毎回同じ

4県統一学力テスト:「中学数学」3年連続最下位に 県教委「応用力が不足」 /岩手

岩手、宮城、和歌山、福岡の県の児童、生徒を対象にした「06年度4県統一学力テスト」の結果が8日、発表された。岩手県は、中学校の数学が3年連続最下位だった。自ら考える力を身につけていないことが一因とみられる。県教育委員会は、教師が難しい応用問題を避け、簡単な計算の反復練習に偏った指導をする傾向があることに原因があるとみて、今後の対策を検討する。
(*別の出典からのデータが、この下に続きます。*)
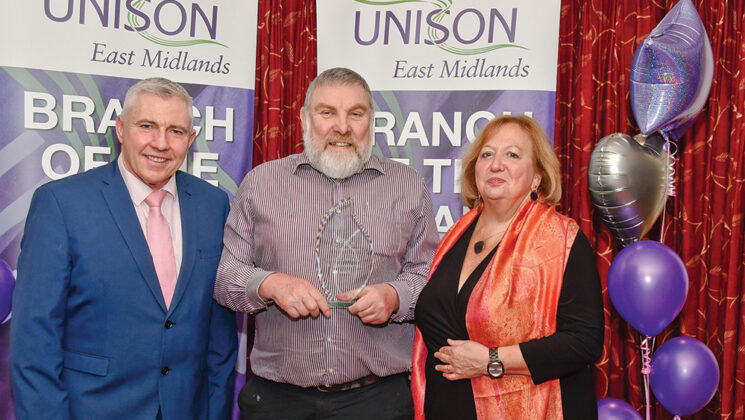 Chris Tansley (centre) receiving an award from Christina McAnea and East Midlands regional secretary Chris Jenkinson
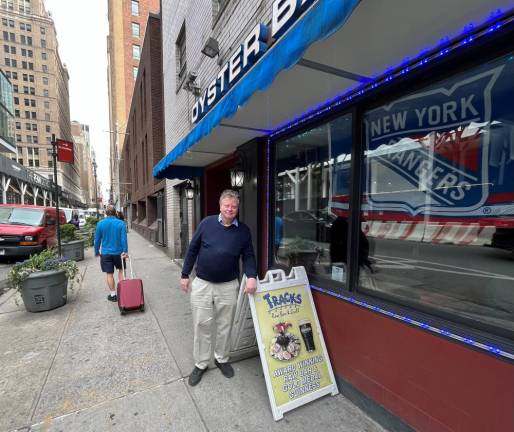 Bruce Caulfield stands near a New York Rangers banner hanging inside Tracks Bar &amp; Grill on W. 31st. St. across from Madison Square Garden. Photo: Ralph Spielman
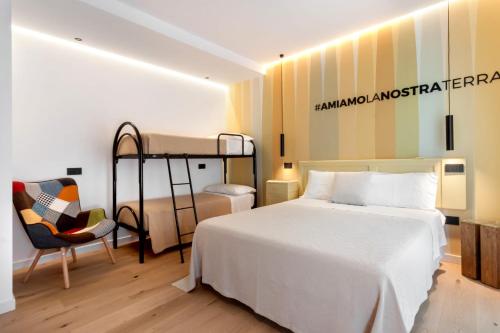 a bedroom with a bunk bed and a chair at La Sentina Experience in San Benedetto del Tronto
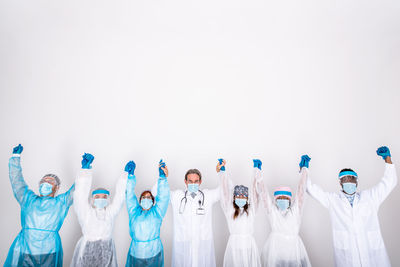 Group of people against white background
 このような記事には毎回同じようなことが書いてある。毎回同じことが課題として挙げられ、毎回同じような対策が提言されていることだ。
 なぜ、そういうことになるのか。その要因がこの記事からよく見える。記事には、

 県教育委員会は、教師が難しい応用問題を避け、簡単な計算の反復練習に偏った指導をする傾向があることに原因があるとみて、今後の対策を検討する。

という見解と、

県教委は「小学校段階で基礎を身につけないと、中学の応用問題を解く力がつかないのではないか」と分析する。

という矛盾した見解が並んでいる。
 「反復練習」はよく「基礎学力をつけるため」として導入されている。漢字ドリルや計算ドリルが学力低下が叫ばれ始めた頃、大流行したのはそういう捉え方があるからだ。おそらく、県教委もそういう提言なりアドバイスなりを行ってきたはずだ。
 だから、反復練習に偏っているという見解と基礎を身に着けなければいけないという見解が、県教委から同時に出てくるのは矛盾している。
 こうした矛盾が、岩手だけでなく様々なところで起きている。だから、どこの地域でも冒頭に書いたような状況になっている。
 全国学力テストでも間違いなく同じような課題が指摘されるはずだ。そして、基礎学力の不足とされ、基礎学力を身につけさせることが学校の使命だと言われるだろう。そして、学校は、おそらく反復練習に邁進するだろう。また、次回同じことが課題として指摘される。
 おそらく、この悪循環に陥るだろう。そして、安易な「ゆとり教育批判」によって学校の選べるメニューは大きく制限され、いつまでも悪循環から抜け出せない状況になるだろう。